I am fully award that we have, as I was told recently by Dr. Robinson as she was defending Wardynski’s salary, some “really challenging issues facing us.” But Dr. Wardynski is not the only one facing these issues in our system.
I dare say that the special education teacher who is being asked to double her class size while reducing her aides by half will also face some really challenging issues. The Kindergarten teacher who has the responsibility of finding ways of educating more students with no additional resources is facing some really challenging issues. The principals, the secretaries, the cafeteria and janitorial staff will all face some really challenging issues over the next three years. In addition, the parents who are asked to sacrifice more time, more money, more effort to ensure that their kids are given a fair chance to succeed in a system with extremely limited resources will also face these challenging issues.
In short, we are in this mess together. If we are to successfully work our way out of it, we have to all work together. Dr. Wardynski’s salary communicates not leadership and a willingness to work, but elitism. And frankly the board and Dr. Wardynski should already know this.

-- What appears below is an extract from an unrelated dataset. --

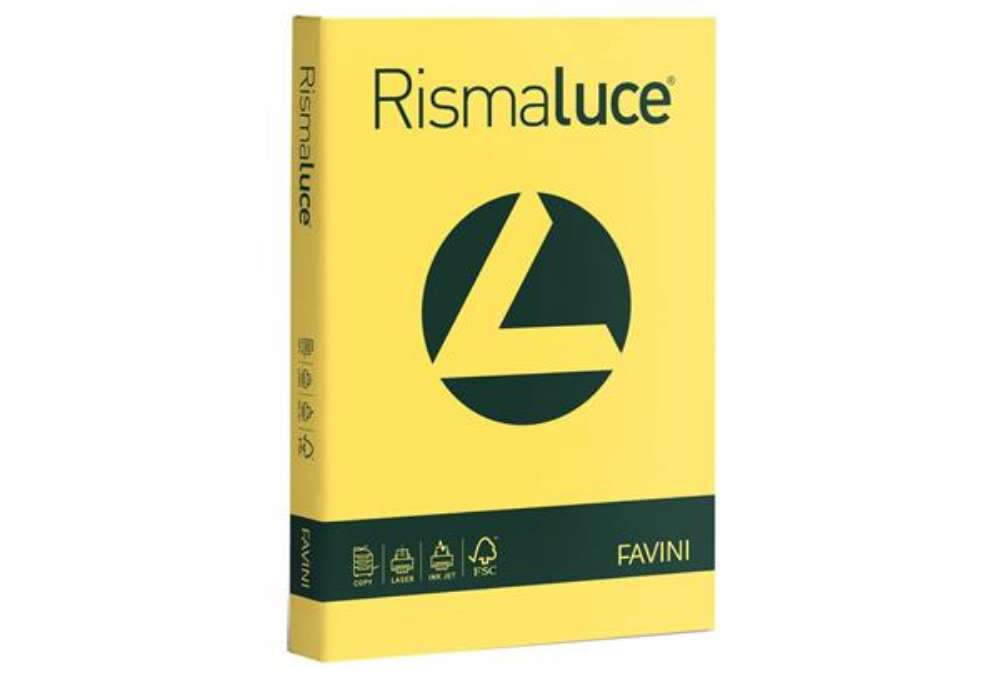 Immagine di Carta colorata Favini Rismaluce colori forti 200 g/m² A4 giallo sole 53 Risma da 125 fogli - A67B104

Dr. Robinson also shared with me that no one would come to our system without a “substantial incentive” implying that without receiving $175,000 we could not get anyone to serve as superintendent. This is just wrong.
No one who cares about education goes into education because of a “substantial [financial] incentive.” True teachers and educational leaders go into education because they seek the incentive of making our world a better place.
If we believe that paying our starting teachers the state minimum (following Dr. Robinson’s motion on April 21, 2011) will still allow our system to attract good teachers, then why would the superintendent’s position and salary be any different?
As the leader of our system, particularly in these trying times, Dr. Wardynski should model a willingness to share burdens across the entire system, but his salary package spits in the face of working together. It instead tells every principal, teacher, aide, staff, parent and child that we are expected to bear the burden while Dr. Wardynski is not. It creates a system where the leadership is completely disconnected from the people they are leading. That is exactly the type of leadership we’ve had for the previous ten years that has led us to this precipice.
If Dr. Wardynski believes in education, if he believes we should all work together to make this system the best in the nation in five years, then he should voluntarily accept a lower salary (which would still represent a raise over his current salary) for the same time frame that teacher’s salaries remain frozen at current levels. Doing this will prove to the city that his reputation for leadership is well earned.
Otherwise we’re in for three more years of discovering that The Who were right: the new boss is the same as the old.